How good was Brown? To the fans who watched from the stands or on television, he was a wrecking ball of a runner who closed out his career by running for 1,863 yards in 1963, 1,446 yards in ’64, and 1,544 yards in ’65. This was in the days when the league played a 14-game schedule, as opposed to the 16-game schedule they play today. To those who paid their money to see him play, Brown seemed to be a man among boys—quite simply the biggest, strongest and fastest man on the field
Those who were out on the field with him saw basically the same thing as those in the stands. That includes the fellow Hall of Famers who were tasked with bringing him down. Sam Huff, a Hall of Fame linebacker with the New York Giants and Washington Redskins, has spent a good portion of his post-football career talking about Brown’s talent. It is a subject that time has not diminished over the years. Huff, who has spent many years in the Washington broadcast booth, has never seen a back who was better or who even approached everything Brown could do on a football field.
“There have been backs who may have been quicker or faster and there are backs who have been bigger, but when you combine speed, strength, quickness, ability and desire, I don’t think there’s ever been anyone who was close to what Jim Brown could do when he was at his peak,” Huff said. “That peak was basically the whole of his career. I don’t remember him being slower near the end of his run or weaker. He was the most punishing player I have ever run across. I talked about desire a minute ago. I don’t know that his desire was about getting the extra yard or getting into the end zone. It was the desire to beat the man on the other side of the line of scrimmage. Jim played like he wanted to destroy your will. He would simply hurt you when he ran over you and that made it harder each time you had to face him.”
“My arms were my weapons,” Brown explained. “If you tried to tackle me high, I would use my arms to change your mind. If you tried to tackle me low, that was your choice. It didn’t usually work out so well.
“To stop me you would have had to get the best of me mentally. You would have had to make me fear you. That never happened and there was never that much pressure that could have been brought on me. That’s how I was able to assert my will.”
Brown was a four-time league MVP and also led the NFL in rushing in eight of his nine seasons. He averaged better than 100 yards per game (104) throughout the whole of his career, a record that stands to this day. He also never missed a game during his career due to illness, injury, or anything else. He averaged 5.2 yards per rush throughout his career even though the NFL average for nearly 50 years has been 4.0 yards per carry.
Brown accomplished all of this at a time when running the football really was the key to succeeding in the NFL, or at least it was a bigger part of the picture than it has been in the last 25 years. Coaches will still get in front of microphones today and tell you they must run the ball and stop the run in order to win and do it with a straight face. Ask Pittsburgh head coach Mike Tomlin how important running was in the Steelers’ last-minute drive to win Super Bowl XLIII. But when Brown played, a team that could run and stop the run had a great chance to win the title.

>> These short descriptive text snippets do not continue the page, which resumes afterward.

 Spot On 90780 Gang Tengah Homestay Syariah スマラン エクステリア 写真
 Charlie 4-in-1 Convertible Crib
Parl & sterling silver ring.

Defenses were stacked to stop him. Linebackers like Huff had no other assignment but to stop Brown and still couldn’t do it. He went over the 100-yard mark in nearly half the games he played in.
And then he left. Walking away after the 1965 season as the leading rusher in NFL history, his record 12,312 yards stood until Walter Payton surpassed the mark 19 years later. No disrespect to Payton (you’ll see him at No. 5 on this list), but as complete a player as he was, it took Payton 435 more carries than Brown to reach that mark.

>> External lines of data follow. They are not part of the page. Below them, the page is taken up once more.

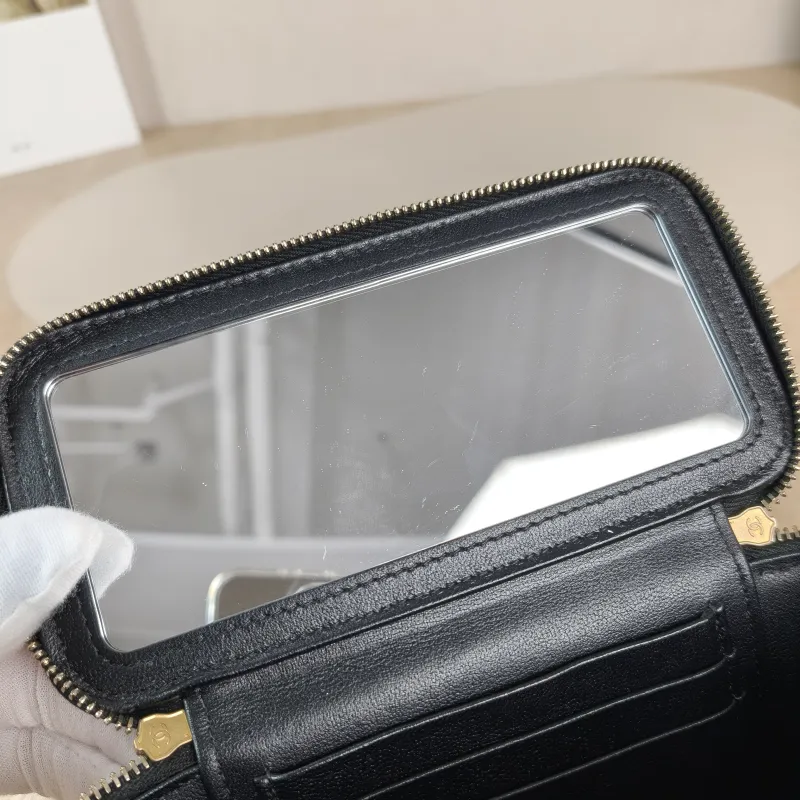 Chanel Crossbody Bag Edition Black Calfskin One Size16 × 8 × 9.5 cm — detail view 8 of 12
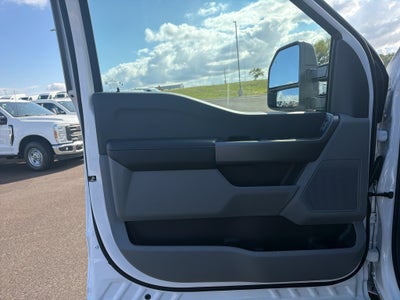 2027 Ford F-350 XLT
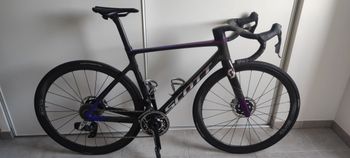 Used Scott Addict Rc Supersonic 2021 Road & Gravel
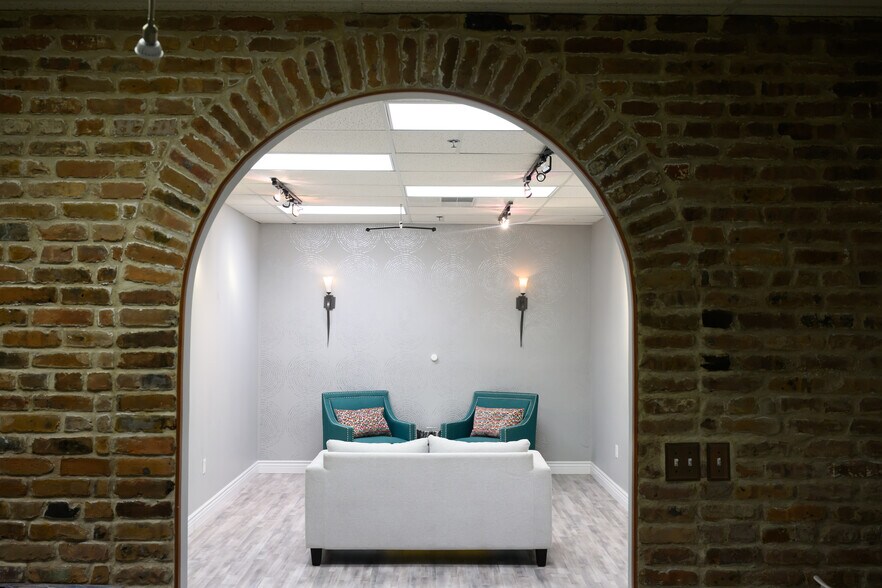 More Photos Of 504 Hamburg Tpke, Wayne Medical For Lease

Brown never had any major regrets about leaving the game early and pursue his acting career, either. “To leave at twenty-nine years old, MVP, having won the championship in ’64 and played for it in ’65. To go into the movies and break the color barrier and be in a sex scene with Raquel Welch. To get to be in The Dirty Dozen with some great actors. To make more money in one year than you damn near made in nine years of football. Everything about it was ingenious,” Brown told Esquire magazine in 2008.

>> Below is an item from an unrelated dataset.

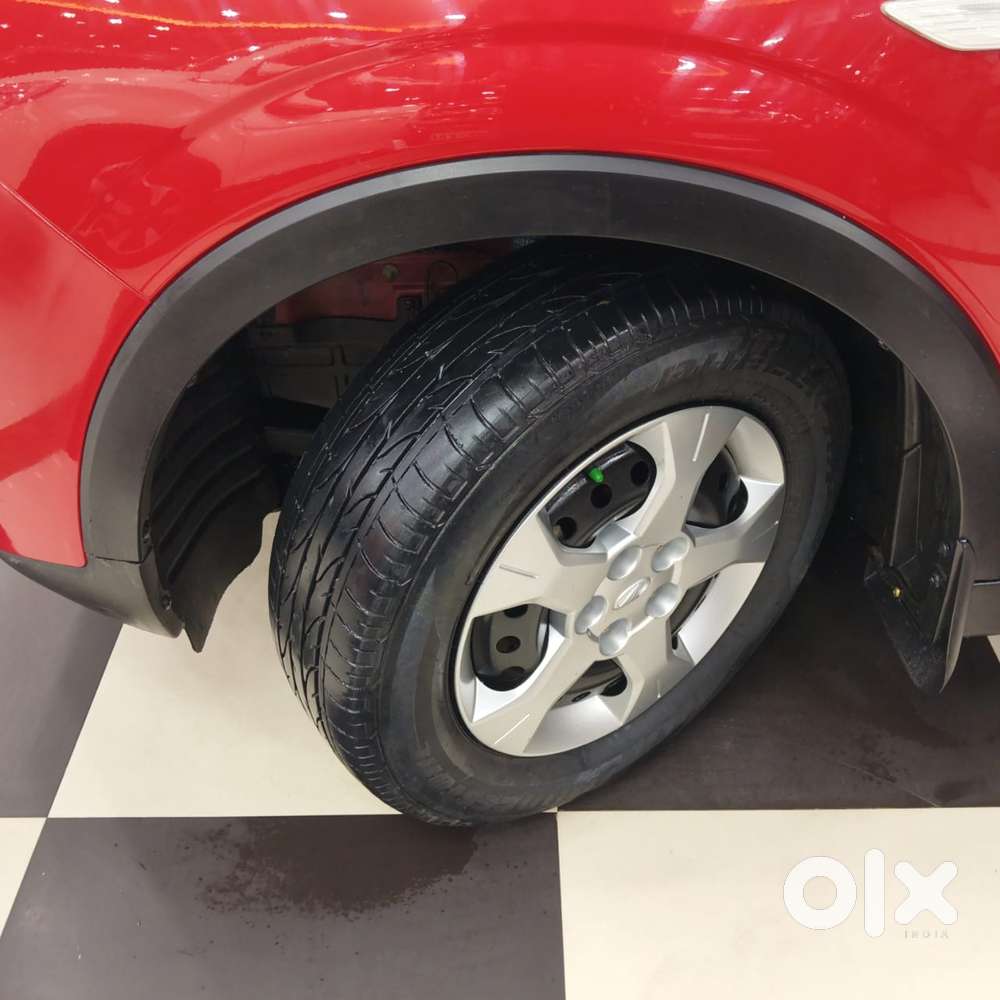 Mahindra Xuv300 1.2 W6 Amt Petrol, 2022, Petrol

Those that had to tackle Brown for a living were equally as regret-free that the Cleveland running back said goodbye to the game when he did. But the same cannot be said of the fans of the game that never had enough of watching the greatest running back in football history do what he did best. He played fearlessly and he did it in a way that put the fear of God in others. He falls just short of Joe Montana because he won only one title and could not take over a game in the crucial moments the way the quarterback could.